Oprah Shouts for Abortion
 
Oprah Shouts for Abortion
08.24.18
Reading Time: 3 minutes

Written by L. Brent Bozell III

Over the years, Oprah Winfrey has seemingly evolved into America’s mom. After her TV career, she sounds like an evangelist preaching a feminist substitute to replace religion in her monthly Oprah Magazine. Her August issue carries this motivational nugget of Oprah wisdom on the cover: “We all want to feel radiant, joyful, and alive. It starts with choosing love — in any form.” No mention of faith, but no surprise there.

How do you feel “radiant, joyful, and alive”? Winfrey has the answer. In this very issue, she devotes a full-page ad to promote — ready? — the hashtag ShoutYourAbortion. According to Oprah Winfrey, a good way to show you’re “choosing love” is to murder your unborn baby.

This is a major reason most women don’t accept the term “feminist.” A new poll by the feminist site Refinery29 and CBS News found 54 percent of millennial women do not describe themselves as “feminists.” Of women over 36, only 34 percent identify as feminist. If you’re not a radical leftist, you decline the term. Only someone truly evil feels joy about an abortion, regardless of her (or his) position or predicament.

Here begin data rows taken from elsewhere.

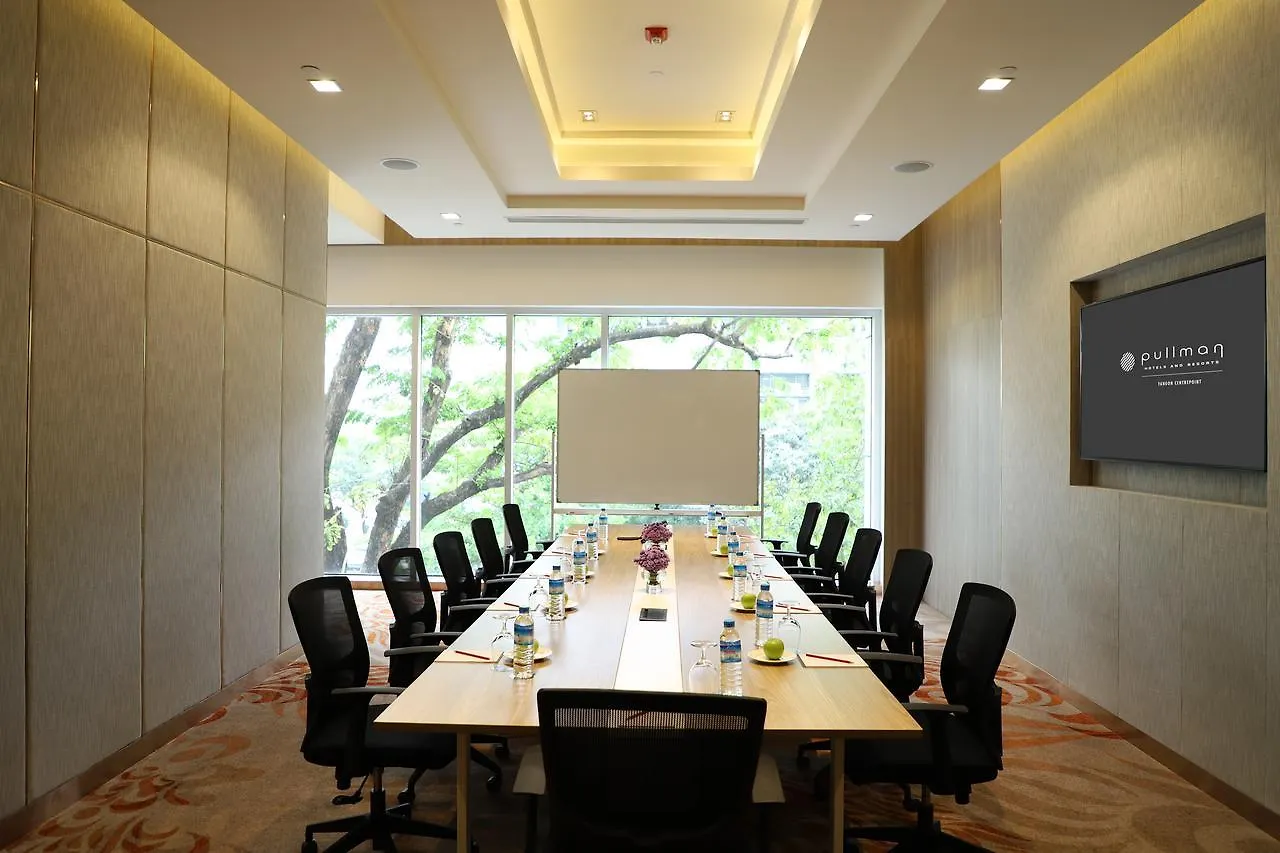 Pullman Yangon Centrepoint Hotel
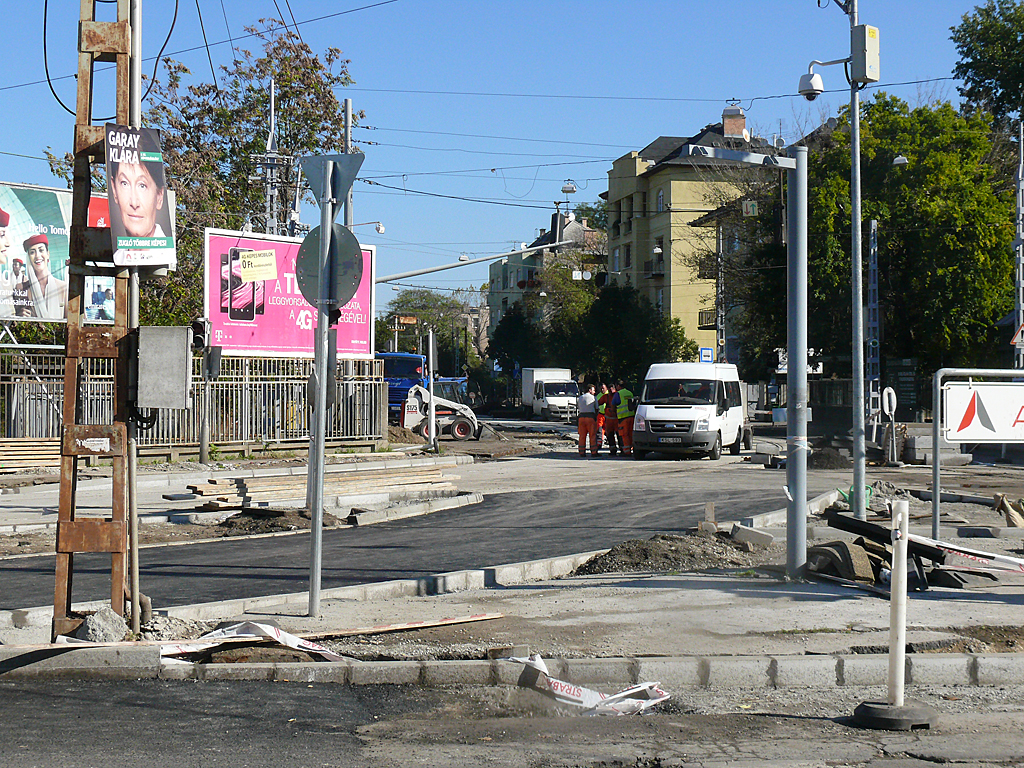 Az Erzsébet királyné útja és a Mexikói út kereszteződésében<br>(fotók: a szerző)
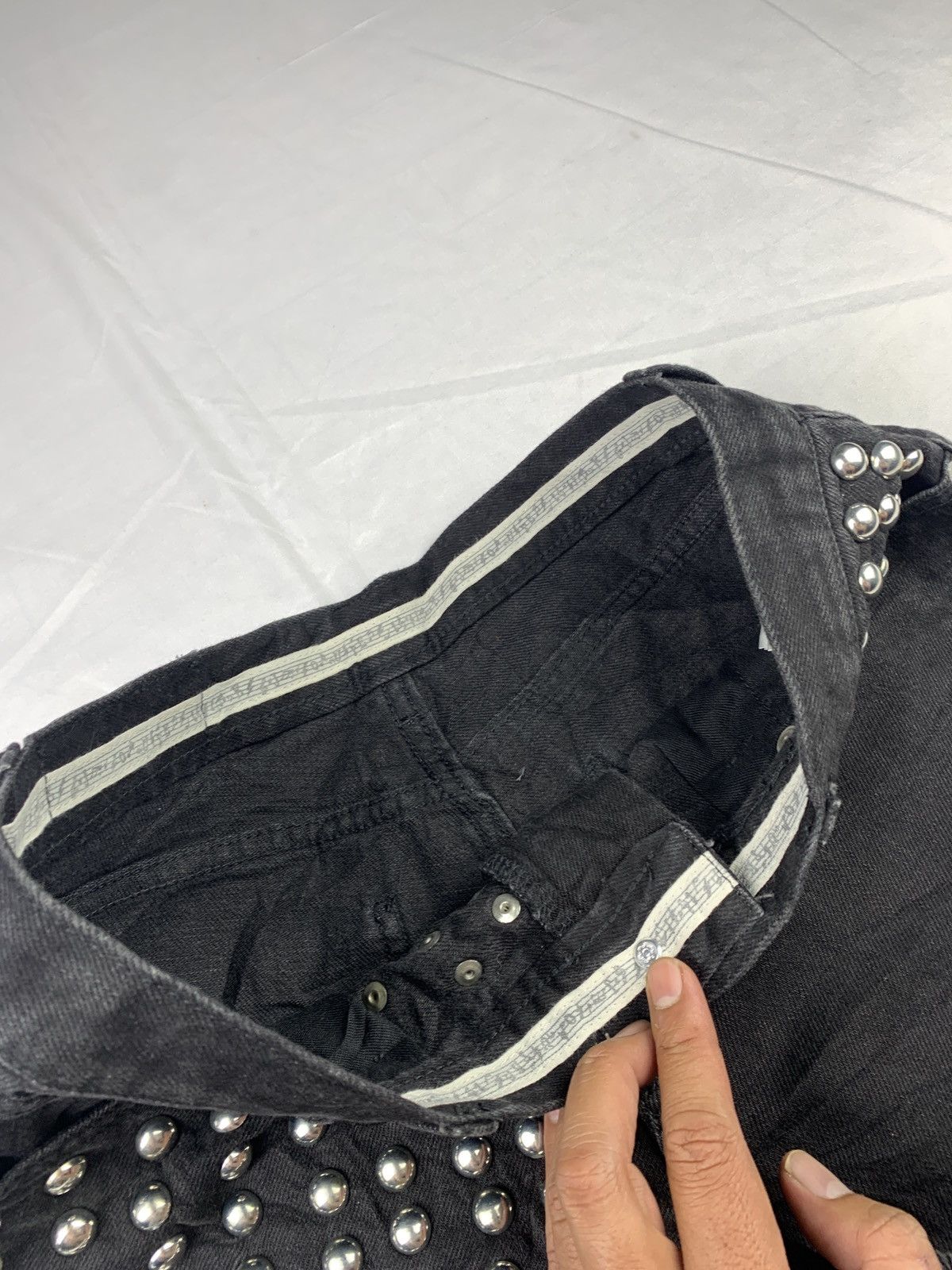Japanese Brand jouetie Japan Black Studded Rough Mini Jeans Shorts Size 28" / US 6 / IT 42 - 10 Thumbnail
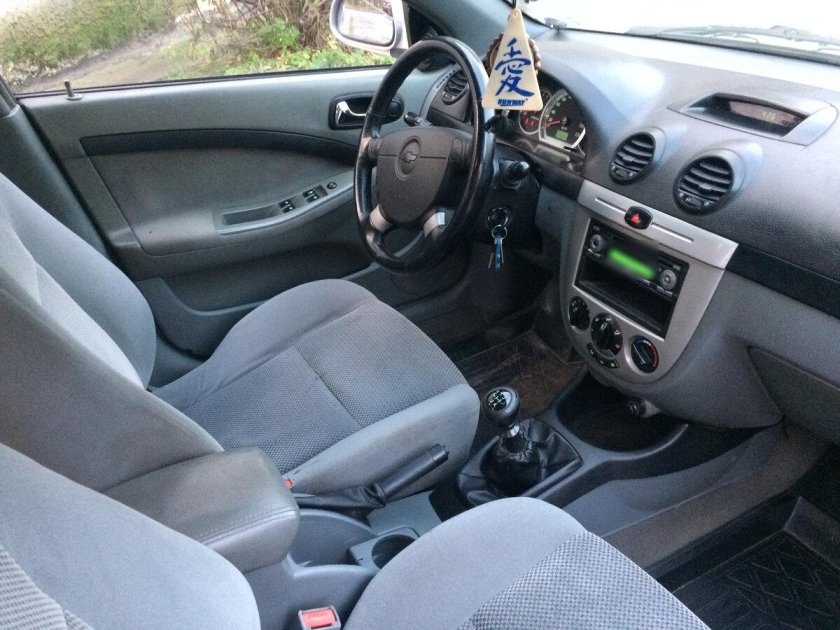 Chevrolet Lacetti 2007 салон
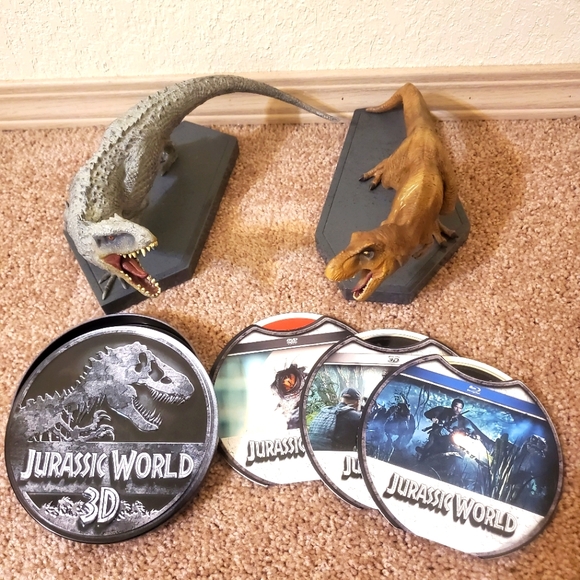 NEW Jurassic world Set from Universal studio - Picture 4 of 7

But Oprah Magazine editors put this under the category of “Inspiration.” Amelia Bonow was so horrified at the prospect of taking taxpayer funding away from the Democratic Party underwriters at Planned Parenthood that she touted and shouted her abortion, and now the hashtag has been “tweeted more than 300,000 times.” Ironically, that’s about a tweet for every life ended before it began in an average year of Planned Parenthood business.

This is not just a hashtag but an entire Twitter account and a website with video testimonials. One video is headlined “My abortion was gentle, irreverent, and empowering.” Gentle … for whom? Gentle, irreverent … for whom?

A woman from Seattle with badly overdone makeup and green hair discusses her three-day pharmaceutical abortion as not just “gentle” and “spiritually empowering” but “loving” and “joyful,” and, of course, “badass.” She explains how during this drawn-out procedure, she got drunk and had “brutal, metal sex,” which “you’re not supposed to do.” Somehow it wasn’t in the headline that she summarized it all as “female power-witchy s—-.”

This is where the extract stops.